All of lore.kernel.org
 help / color / mirror / Atom feed
* [PATCH] server/process: Fix a rare lockfile race
@ 2020-07-12 10:55 Richard Purdie
  2020-07-12 12:05 ` [bitbake-devel] " Jacob Kroon
  0 siblings, 1 reply; 3+ messages in thread
From: Richard Purdie @ 2020-07-12 10:55 UTC (permalink / raw)
  To: bitbake-devel

We're seeing rare occasional races on the autobuilder as if two server
processes have the lockfile at the same time. We need to be extremely
careful this does not happen.

I think there is a potential race in this shutdown code since we delete
the lockfile, then call unlockfile() which also tries to delete it.

This means we may remove a lock file now held by another process if we're
unlucky.
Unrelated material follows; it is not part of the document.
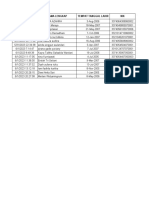 DAFTAR NAMA PESERTA FORDA (Festival Olahraga Tradisional Daerah) (Jawaban)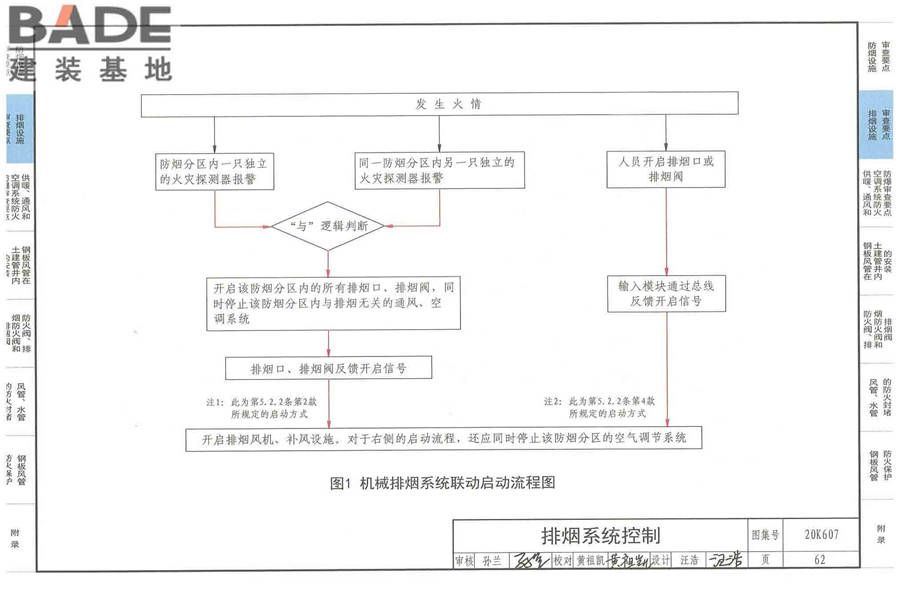 防排烟及暖通防火设计审查与安装_页面_064.jpg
Since unlockfile removes the lockfile when it can, just rely on
that and remove any possible race window.

An example cooker-deamonlog:

--- Starting bitbake server pid 2266 at 2020-07-11 06:17:18.210777 ---
Started bitbake server pid 2266
Entering server connection loop
Accepting [<socket.socket fd=20, family=AddressFamily.AF_UNIX, type=SocketKind.SOCK_STREAM, proto=0, laddr=bitbake.sock>] ([])
Processing Client
Connecting Client
Running command ['setFeatures', [2]]
Running command ['updateConfig', XXX]
Running command ['getVariable', 'BBINCLUDELOGS']
Running command ['getVariable', 'BBINCLUDELOGS_LINES']
Running command ['getSetVariable', 'BB_CONSOLELOG']
Running command ['getSetVariable', 'BB_LOGCONFIG']
Running command ['getUIHandlerNum']
Running command ['setEventMask', XXXX]
Running command ['getVariable', 'BB_DEFAULT_TASK']
Running command ['setConfig', 'cmd', 'build']
Running command ['getVariable', 'BBTARGETS']
Running command ['parseFiles']
--- Starting bitbake server pid 8252 at 2020-07-11 06:17:28.584514 ---
Started bitbake server pid 8252
--- Starting bitbake server pid 13278 at 2020-07-11 06:17:31.330635 ---
Started bitbake server pid 13278
Running command ['dataStoreConnectorCmd', 0, 'getVar', ('BBMULTICONFIG',), {}]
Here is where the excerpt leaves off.